Sixth International Conference on Spoken Language Processing
In this paper, we present the Philips large vocabulary continuous Mandarin speech recognition system developed for the 2000 Taiwan Speech Input Technology Assessment. We systematically integrated key Mandarin components with up-todate Western-language techniques to build up a state-of-the-art Mandarin speech recognition system. These technologies include robust pitch extraction/tone modeling, context-dependent preme/core-final units, Chinese phrase/syllable trigram language model, linear discriminant analysis (LDA), cross-syllable modeling/decoding, speaker clustering and maximum likelihood linear regression (MLLR) adaptation.

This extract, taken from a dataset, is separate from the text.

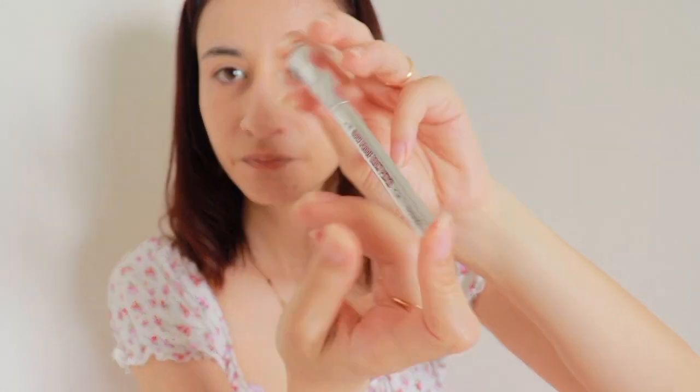Next step: my eyebrows. I am brushing them just really quick. Next I am using the Goof Proof Brow Pencil by Benefit, which is unfortunately not available in Japan, so I got this in the US. Really, don't even press too much. Eyebrows are drawn, and then we are going to take our brush again, because I feel like the lines are a little bit too harsh, so we are going to blend it a little bit.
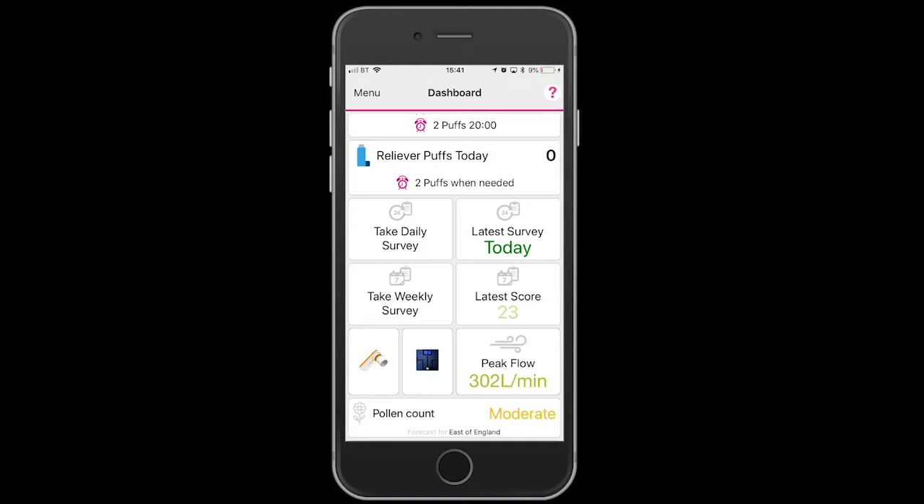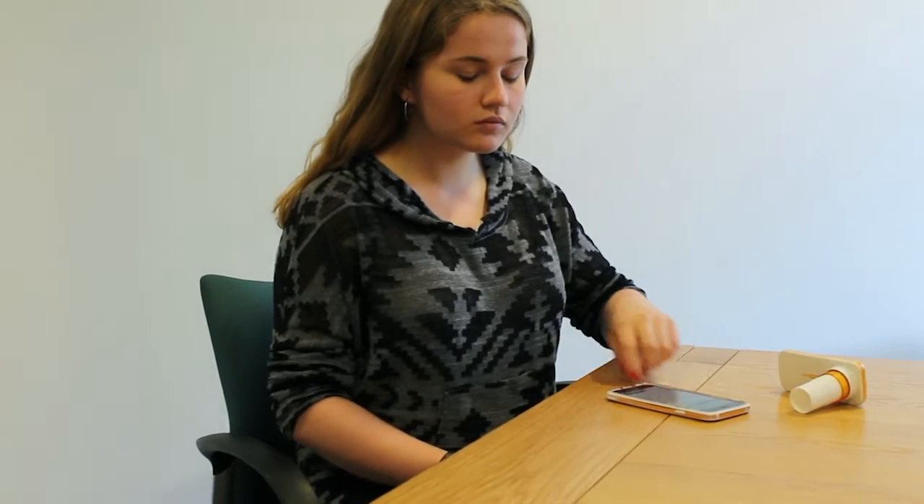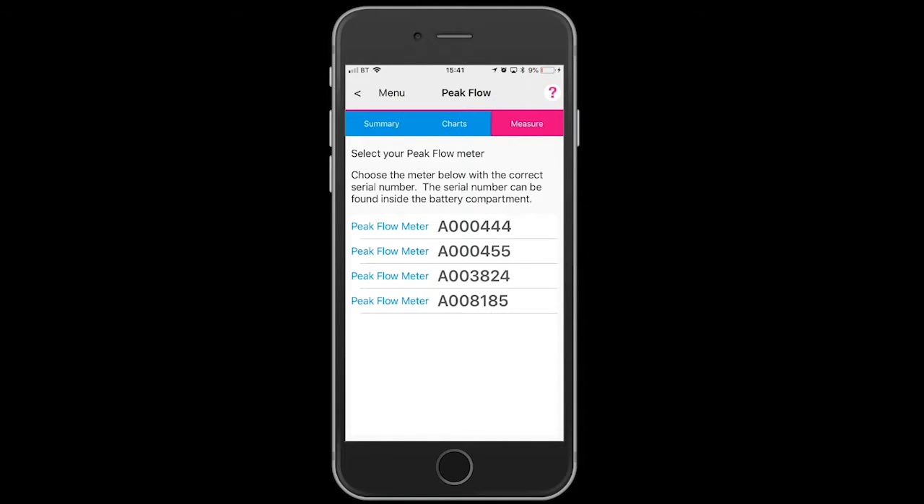To take a peak flow reading, open the app and touch the image of the peak flow meter on the dashboard. Identify yours by its serial number.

Among them, the major breakthroughs were our robust pitch extraction/tone modeling technology and the treatment of coarticulation across syllable boundaries. For the development set, we dramatically reduced last year’s best error rates by relative 44.8%~67.8% on all three categories we participated. Moreover, for the evaluation set, we achieved the lowest unit error rates on all three categories.
Bibliographic reference. Liao, Yuan-Fu / Wang, Nick / Huang, Max / Huang, Hank / Seide, Frank (2000): "Improvements of the Philips 2000 Taiwan Mandarin benchmark system", In ICSLP-2000, vol.4, 298-301.